As Jean-Claude Juncker, President of the EC, in his last State of the Union: “Our European Union is not a State but it is a community of law, we must never loose sight of this”; there is general consensus that the Regional government of Catalonia has chosen to ignore the law when organising the referendum held last Sunday (1st October 2017), the Spanish Constitution Tribunal having suspended the Catalan laws on the organisation of the referendum and issued daily penalties against those who went against its orders, that is not changing the fact that we have all seen saddening images from Sunday, let me be clear, violence does not solve anything in politics, it is never an answer, never a solution, and it can never be used as a weapon or instrument; Europe knows that better that anywhere else, none of us want to see violence in our societies, however it is off course a duty for any government to uphold the rule of law, and this sometimes does require the proportionate use of force, we understand that people wanted to express their views, freedom of expression is a fundamental right for all European citizens, and thus for all Spanish citizens; one opinion is not more valuable than another opinion only because it is expressed more loudly [applause].

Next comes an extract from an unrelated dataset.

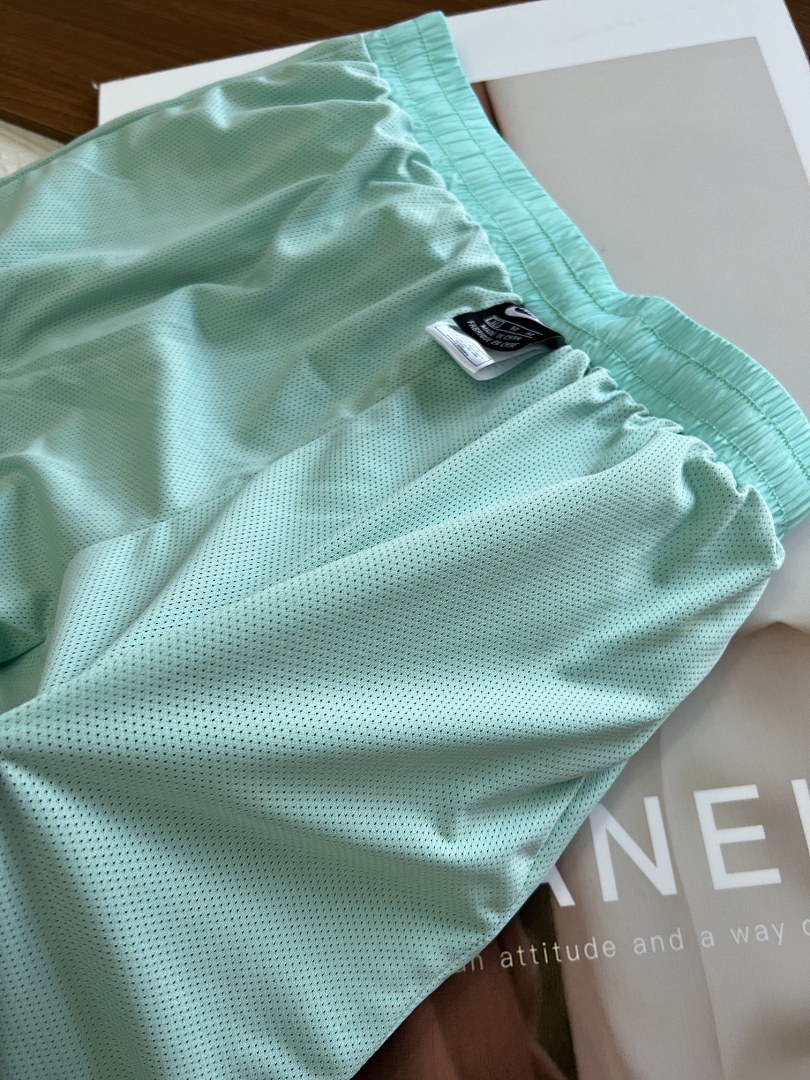 Nike Sportswear Alumni Woven Flow Shorts · A3034 — תמונה 37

As the Commission has stated, under the Spanish constitution, Sunday’s vote in Catalonia was not legal, looking ahead, it is clear that an agreed way forward is needed in Spain, for the European Commission, as Jean-Claude Juncker has reiterated repeatedly, this is an internal matter for Spain, that has to be dealt with in line with the constitutional order of Spain, that is why the European Commission has called on all relevant actors to now move quickly from confrontation to dialogue, the power of dialogue, of sitting down and talking to each other even if and especially when we passionately disagree is what our union is built on, all lines of communication must stay open, it is time to talk, to find a way out of the impass, working within the constitutional order of Spain, at the end of the day, the real answers can only come from all those concerned, those directly concerned are all 46 million Europeans who are Spanish citizens, those indirectly concerned are all Europeans who are citizens of all other Member States.

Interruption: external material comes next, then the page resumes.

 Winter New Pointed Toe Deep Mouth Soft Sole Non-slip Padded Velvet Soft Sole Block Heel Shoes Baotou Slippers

Jean-Claude Juncker is in touch with Mariano Rajoy, Spanish Prime Minister who will trustly ensure that the situation is resolved in a spirit of dialogue and in full respect of the Spanish Constitution and of fundamental rights of citizens, this must be the goal for all of us; allow me to stress that the development of Spain, since the Spanish people liberated themselves from dictatorship, is one of the greatest success stories Europe has seen in its history [Applause]; in less than my life time Spain was transformed from a nation under a boot of a dictator into a nation that leads globally in a great manieries, where every citizen has full right, protected by the rule of law, where culture flourishes and the economy grows, this is the all inspiring achievements of all Spanians, including Catalans; this would not have been possible, without full respect for the rule of law, respect for the separation of powers, respect for the ruling of judges; let me add, nowhere is the attachment for the rule of law stronger than in those nations where there are memories of what it means to be deprived of it; all this was achieved through hard work, commitment, dialogue and respect for diversity, please let that inspire all of us, to leave the path of confrontation and follow the road of cooperation and dialogue to solve the situation. Thank you very much.